Markdown Chunking for RAG¶
Markdown Chunking for RAG Applications¶
This package provides comprehensive utilities for splitting and chunking markdown documents into semantically meaningful chunks suitable for RAG (Retrieval-Augmented Generation) applications.
Overview¶
The markdown chunking system consists of three main components:
- Parser (
md_parser.py): Converts markdown text into a Tree structure that preserves heading hierarchy - Chunker (
md_chunker.py): Generates chunks from the Tree structure with configurable parameters - Streaming Processor (
md_streaming.py): Handles large documents with memory management
Key Features¶
- Preserves heading hierarchy: Each chunk maintains the full path of headings from root to its content
- Flexible heading inclusion: Include headings in text, metadata, both, or neither
- Multiple output formats: Markdown, plain text, or structured JSON
- Configurable chunk sizing: Control maximum chunk size with smart boundary detection
- Streaming support: Process large documents without loading entirely into memory
- Tree-based structure: Uses the
Treedata structure fromdataknobs_structures
Installation¶
The markdown chunking utilities are part of the dataknobs-xization package:
Quick Start¶
Basic Usage¶
from dataknobs_xization import parse_markdown, chunk_markdown_tree
# Parse markdown into tree structure
markdown_text = """
# Introduction
This is the introduction.
## Background
Some background information.
"""
tree = parse_markdown(markdown_text)
# Generate chunks
chunks = chunk_markdown_tree(tree, max_chunk_size=500)
for chunk in chunks:
print(f"Chunk {chunk.metadata.chunk_index}:")
print(f"Headings: {chunk.metadata.get_heading_path()}")
print(f"Text: {chunk.text}")
print()
Streaming Large Files¶
from dataknobs_xization import stream_markdown_file
# Process large file incrementally
for chunk in stream_markdown_file("large_document.md", max_chunk_size=1000):
# Process each chunk as it becomes available
store_in_database(chunk.text, chunk.metadata)
Architecture¶
Tree Structure¶
The parser builds a Tree where: - Root node represents the document - Heading nodes are parents to their sub-headings and body text - Body text nodes are leaf nodes containing the actual content
Example structure:
ROOT
├─ H1: Introduction
│ ├─ Body: "This is the introduction."
│ └─ H2: Background
│ └─ Body: "Some background information."
MarkdownNode Data Structure¶
Each tree node contains a MarkdownNode with:
- text: The text content
- level: Heading level (1-6) or 0 for body text
- node_type: 'heading' or 'body'
- line_number: Source line number (for debugging)
Chunk Data Structure¶
Each chunk contains:
- text: The chunk text (with or without headings based on configuration)

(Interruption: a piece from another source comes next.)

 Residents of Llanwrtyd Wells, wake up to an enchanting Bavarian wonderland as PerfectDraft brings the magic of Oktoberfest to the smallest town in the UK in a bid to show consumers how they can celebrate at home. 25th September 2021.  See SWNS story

- metadata: A ChunkMetadata object with:
- headings: List of heading texts from root to chunk
- heading_levels: Corresponding heading levels
- line_number: Starting line number
- chunk_index: Sequential index
- chunk_size: Size in characters
- custom: Dictionary for custom metadata
API Reference¶
Parsing¶
parse_markdown(source, max_line_length=None, preserve_empty_lines=False)¶
Parse markdown content into a tree structure.
Parameters:
- source: Markdown content as string, file object, or line iterator
- max_line_length: Maximum length for body text lines (None for unlimited)

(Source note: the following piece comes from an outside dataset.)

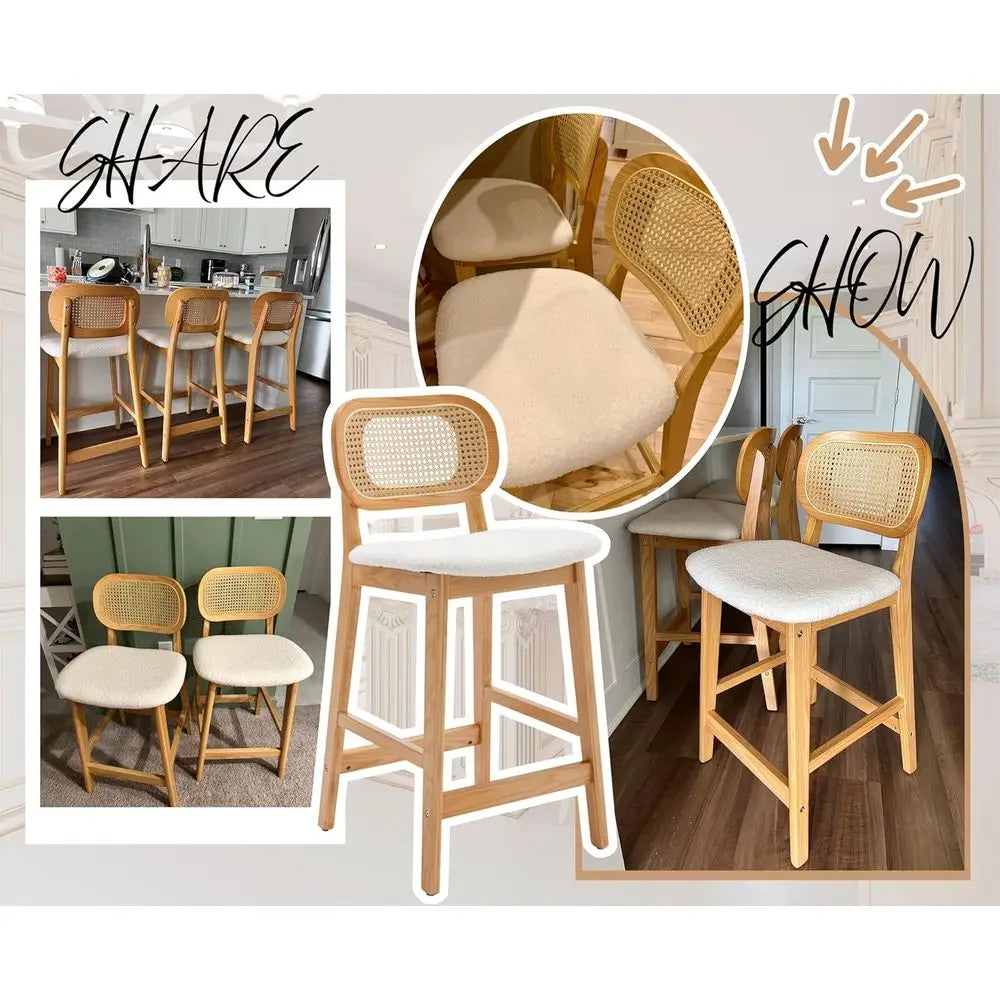 Premium Counter Height Bar Stools With Soft Sherpa Cushions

- preserve_empty_lines: Whether to preserve empty lines
Returns: Tree with root node containing the document structure
Example:
from dataknobs_xization import parse_markdown
tree = parse_markdown("# Title\nBody text.", max_line_length=100)
MarkdownParser¶
Class for parsing markdown with configurable options.

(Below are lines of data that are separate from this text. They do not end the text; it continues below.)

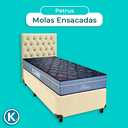 Ver imagem 4 de Cama + Box Bege e Colchão Molas Ensacadas Solteiro - Petrus Paropas + Cabeceira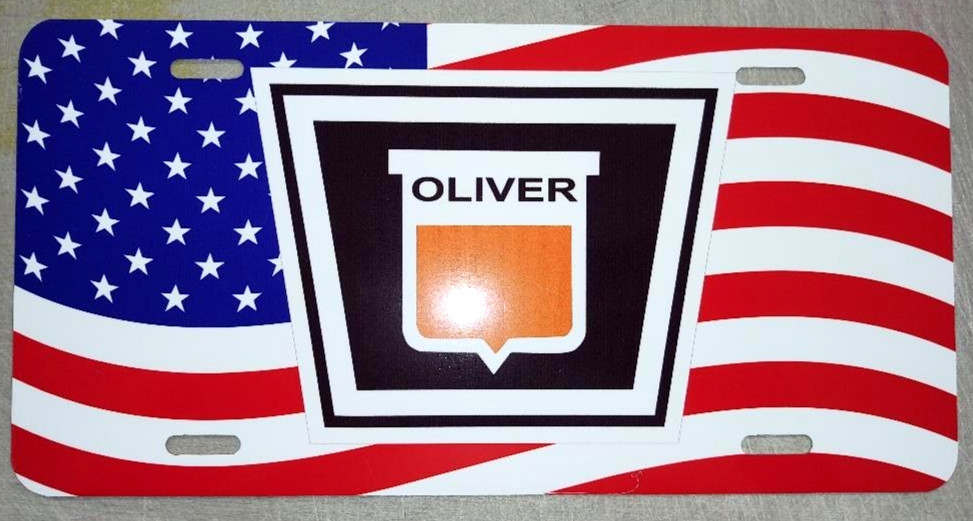OLIVER TRACTOR- AMERICAN FLAG LICENSE PLATE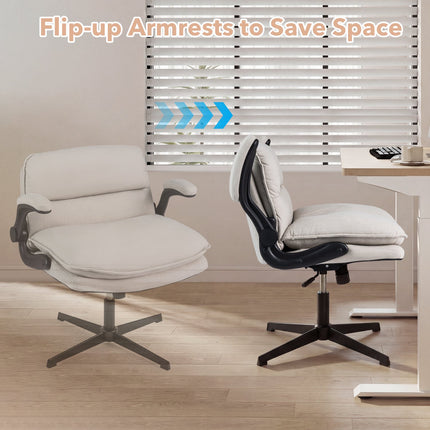 Ergonomic Beige Office Chair with Flip-Up Arms & Swivel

from dataknobs_xization import MarkdownParser
parser = MarkdownParser(max_line_length=1000, preserve_empty_lines=False)
tree = parser.parse(markdown_content)
Chunking¶
chunk_markdown_tree(tree, max_chunk_size=1000, heading_inclusion=HeadingInclusion.BOTH, chunk_format=ChunkFormat.MARKDOWN, combine_under_heading=True)¶
Generate chunks from a markdown tree.
Parameters:
- tree: Tree structure built from markdown
- max_chunk_size: Maximum size of chunk text in characters
- heading_inclusion: How to include headings (BOTH, IN_TEXT, IN_METADATA, NONE)
- chunk_format: Output format (MARKDOWN, PLAIN, DICT)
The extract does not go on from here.